Method for Information Processing, Terminal, Base Station and Storage Medium

This application is the US national phase application of International Application No. PCT/CN2022/090764, filed on Apr. 29, 2022, the entire contents of which are incorporated herein by reference.

The present disclosure relates to the field of wireless communication technologies, and particularly relates to a method for processing information, a terminal, a base station and a storage medium.

In order to improve coverage of cell edge and provide more balanced service quality within the service area, multi-point cooperation is still an important technical means in a new radio (NR) system.

From the perspective of network form, network deployment with a large number of distributed access points and centralized baseband processing will be more conducive to providing a balanced user experience rate, and significantly reduce a delay and signaling overhead caused by handover.

As a frequency band increases, for ensuring network coverage, relatively dense deployment of access points is further required. In a high-frequency band, as integration of active antennas increases, modular active antenna arrays is preferred. An antenna array of each transmission reception point (TRP) can be divided into several relatively independent panels, so that a shape and a number of ports of the entire array can be flexibly adjusted according to deployment scenarios and business needs.

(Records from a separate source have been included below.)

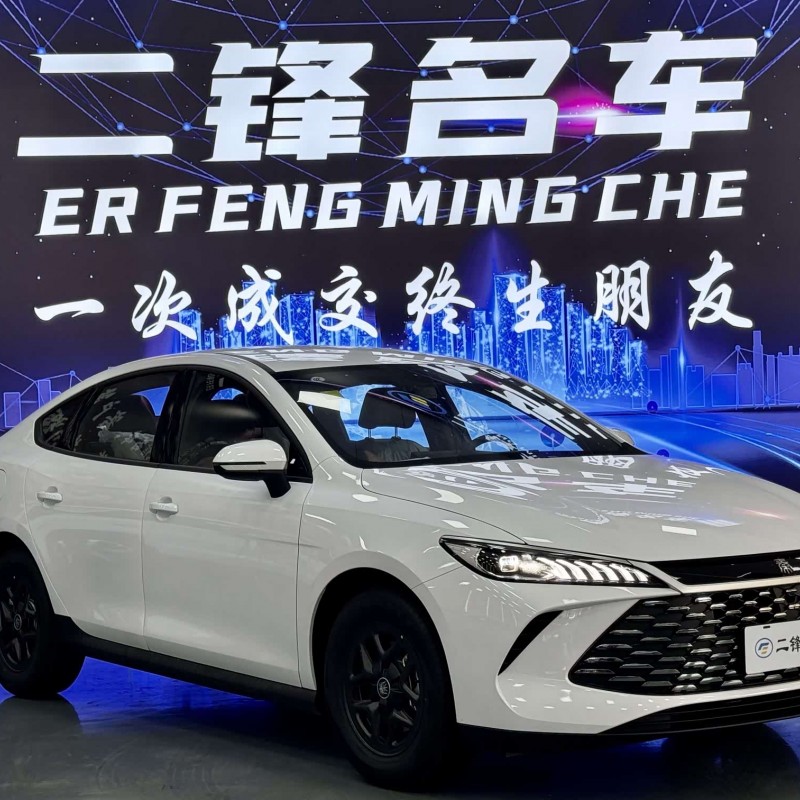Qin PLUS 2025 DM-i Intelligent Driving Edition 55KM Leading Edition Qin PLUS 2025 DM-i Intelligent Driving Edition 55KM Leading Edition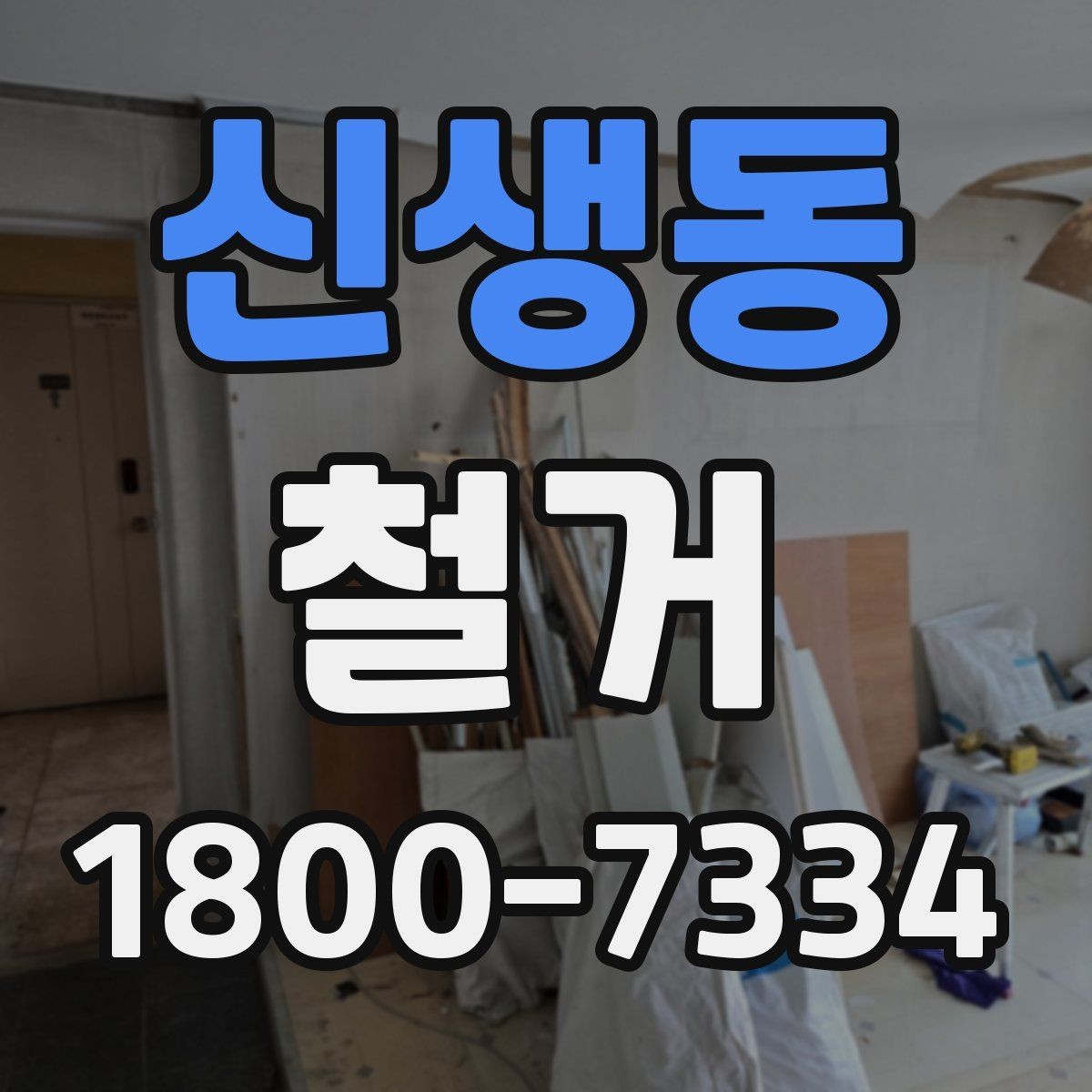 신생동 철거 전 가구와 자재 정리 순서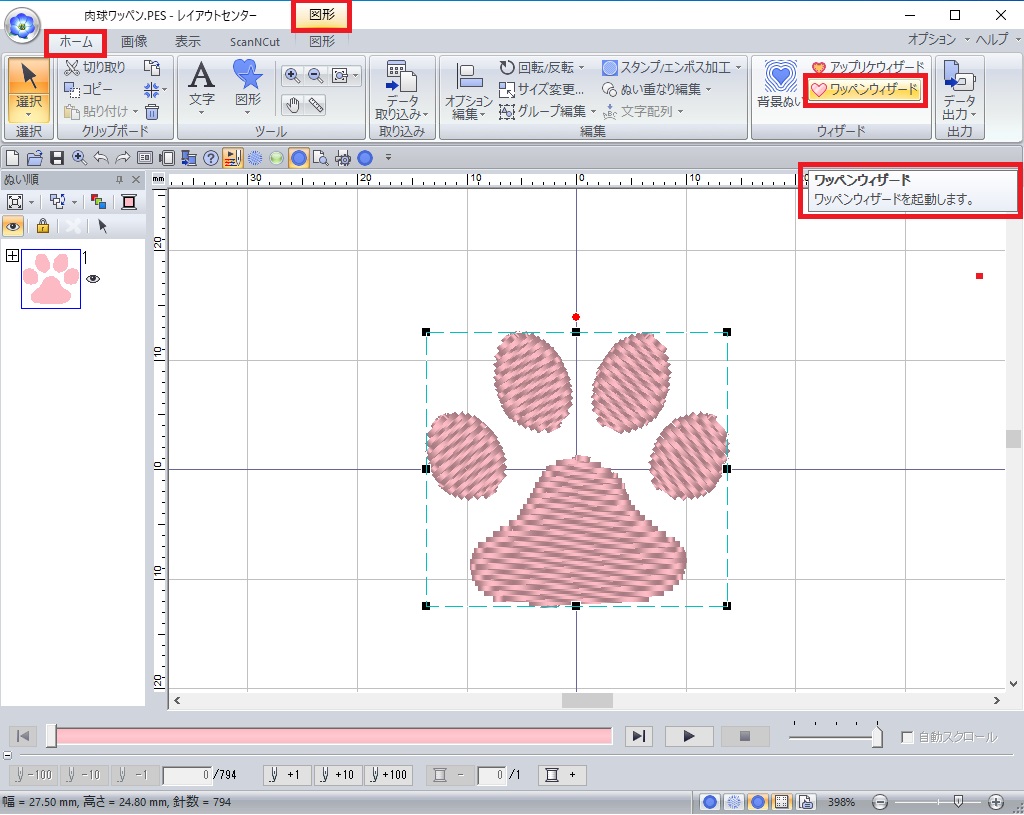 ④グループ化されたデータをクリック→『ワッペンウィザード』をクリックします。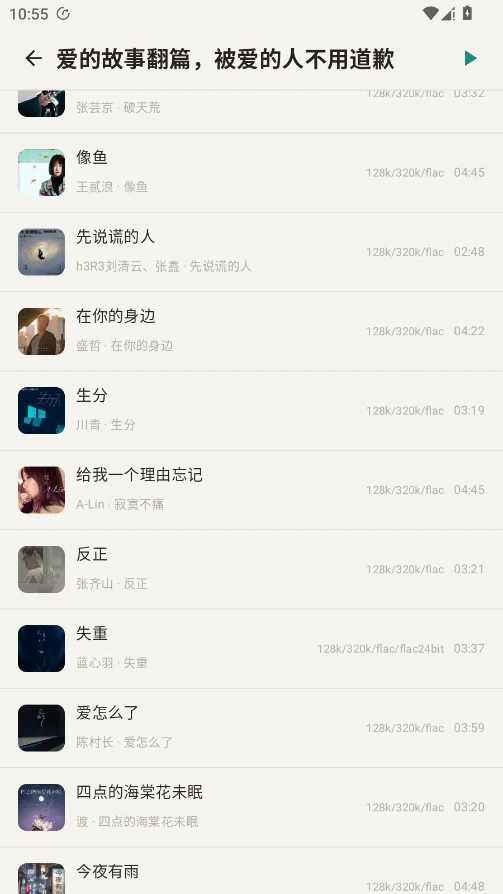 ��Ϣ����app�ֻ���v1.0.250 ���°�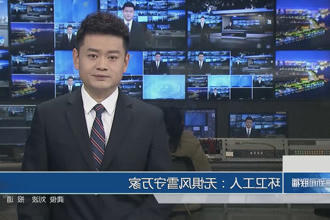 澳门新葡新京在线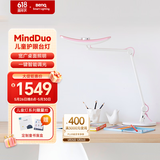 明基（BenQ）MindDuo麦朵尔护眼灯学生专用全光谱儿童学习亲子阅读台灯简约粉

Panels or TRPs can also be connected by an optical fiber for more flexible distributed deployment.

In a millimeter wave band, as the wavelength decreases, a blocking effect caused by an obstacle, such as a human body or a vehicle, will become more significant.

In this case, for ensuring robustness of link connection, cooperation between multi-TRP or multi-panel can also be used to transmit/receive multiple beams from multiple angles, thereby reducing the impact caused by the blocking effect.

During an uplink transmission procedure, uplink control information (UCI) and other information sent by a terminal to a base station can be carried on a physical uplink control channel (PUCCH). If beam-forming technology is used during the uplink transmission, the base station is required to configure beam indication information of the PUCCH for the terminal.

A first aspect of embodiments of the present disclosure provides a method for processing information. The method is performed by a base station, and includes:

sending a network signaling to a terminal, in which the network signaling includes beam indication information configured for a physical uplink control channel (PUCCH) resource indicated by a PUCCH resource indicator (PRI), the beam indication information includes multiple transmission configuration indications (TCIs), and the beam indication information is used by the terminal to perform joint transmission for PUCCHs based on a spatial division multiplexing (SDM) mode of multi-panel or multi-transmission reception point (TRP).

A second aspect of embodiments of the present disclosure provides a method for processing information. The method is performed by a terminal, and includes:

A third aspect of embodiments of the present disclosure provides a base station for processing information. The base station includes a processor, a memory storing a program executable by the processor. The processor is configured to:

A fourth aspect of embodiments of the present disclosure provides a terminal for processing information. The terminal includes a processor, a memory storing a program executable by the processor. The processor is configured to perform the method provided in the second aspect.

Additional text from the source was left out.